**Assignment:**
The material below holds pictures; leave them out and reproduce exactly the lines from the one with "Peter Pauper Press" through the one with "Autel MaxiIM KM100", inclusive.

== Data under study ==

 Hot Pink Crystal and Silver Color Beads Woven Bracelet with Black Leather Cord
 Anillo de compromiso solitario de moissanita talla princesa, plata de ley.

===
== Data under study ==

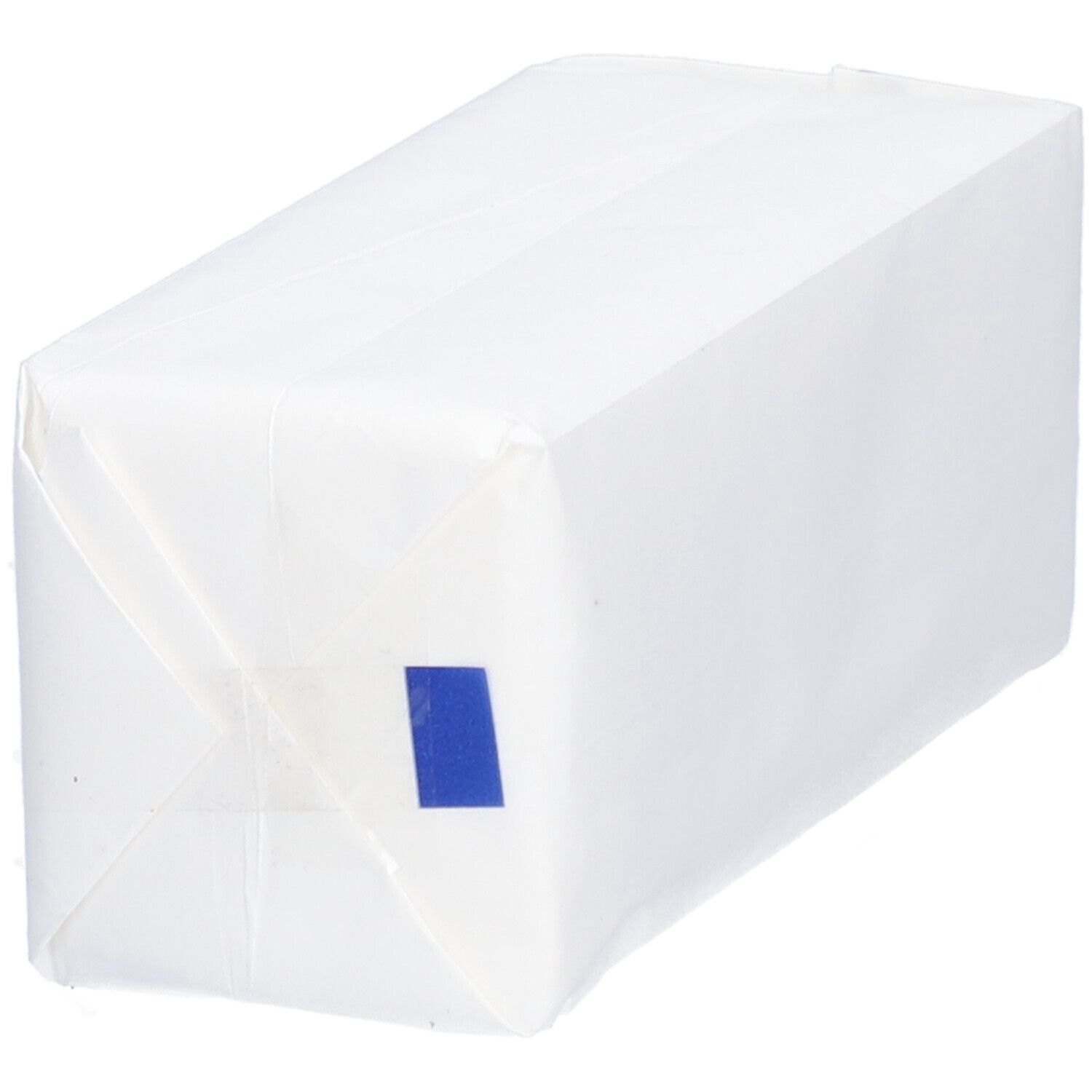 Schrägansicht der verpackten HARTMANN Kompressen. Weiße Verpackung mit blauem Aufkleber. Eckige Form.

===
== Data under study ==

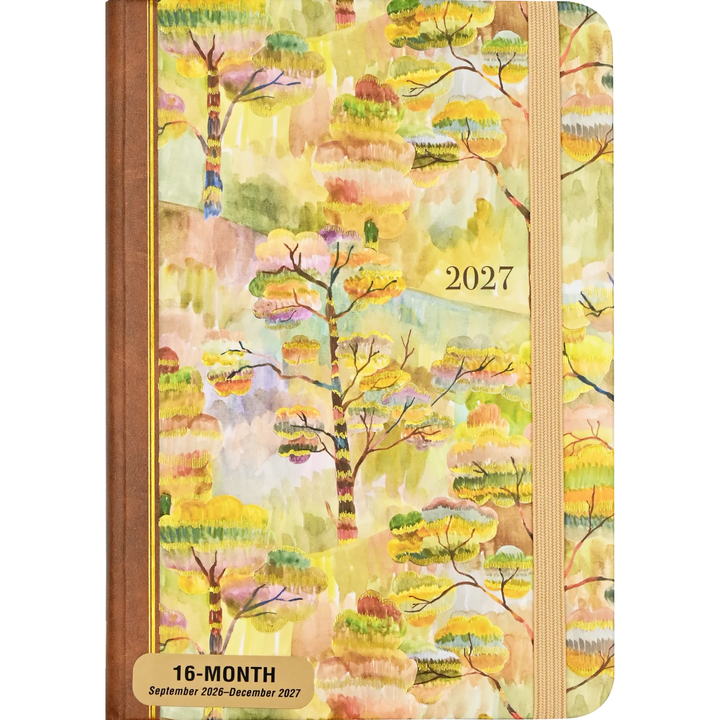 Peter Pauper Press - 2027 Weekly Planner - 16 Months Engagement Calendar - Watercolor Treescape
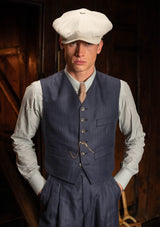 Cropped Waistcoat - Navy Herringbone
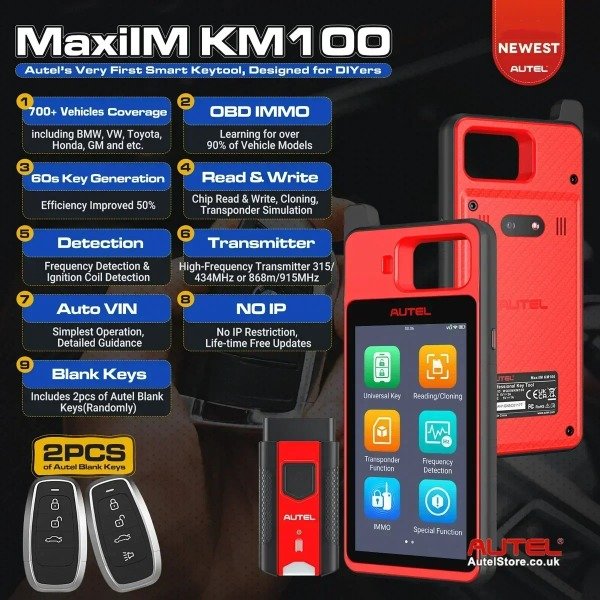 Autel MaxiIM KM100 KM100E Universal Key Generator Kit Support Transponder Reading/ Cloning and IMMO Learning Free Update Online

===

**Reply:**
 Peter Pauper Press - 2027 Weekly Planner - 16 Months Engagement Calendar - Watercolor Treescape
 Cropped Waistcoat - Navy Herringbone
 Autel MaxiIM KM100 KM100E Universal Key Generator Kit Support Transponder Reading/ Cloning and IMMO Learning Free Update Online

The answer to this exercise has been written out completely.